The Continental Op - Profile

Profile

The Continental Op is a master of deceit in the exercise of his profession. In "$106,000 Blood Money", for instance, the Op is confronted with two dilemmas: shall he expose a corrupt fellow detective, thereby hurting the reputation of his agency; and shall he also allow an informant to collect the $106,000 reward in a big case even though he is morally certain — but cannot prove — that the informant has murdered one of his agency's clients? The Op resolves his two problems neatly by manipulating events so that the corrupt detective and the informant get into an armed confrontation in which both are killed.

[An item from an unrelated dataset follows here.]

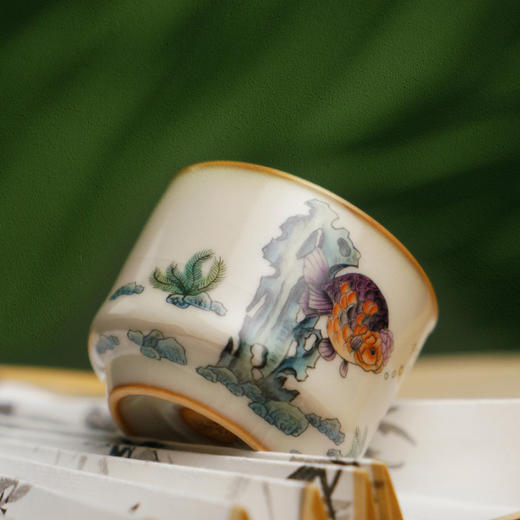 问鼎松涛彩绘哥窑端合杯（鱼贯而行）（缺货） 商品图2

Decades of witnessing human cruelty, misery, and ruin, as well as being instrumental in sending hundreds of people to jail, or to the gallows, have greatly weakened the Op's natural sympathy with his fellow men. He fears becoming like his boss, "The Old Man", whom he describes as "a shell, without any human feelings whatsoever".

In the penultimate chapter of The Dain Curse, a female client, whose life the Op has saved three times, while also curing her of morphine addiction, says to him:

"You came in just now, and then I saw -"
She stopped.
"What?"
"A monster. A nice one, an especially nice one to have around when you're in trouble, but a monster just the same, without any human foolishness like love in him, and - What's the matter? Have I said something I shouldn't?"

The Op can be regarded as a protoype for the hardboiled detective exemplified in such characters as Hammett's Sam Spade, Raymond Chandler's Philip Marlowe, Ross Macdonald's Lew Archer, and others.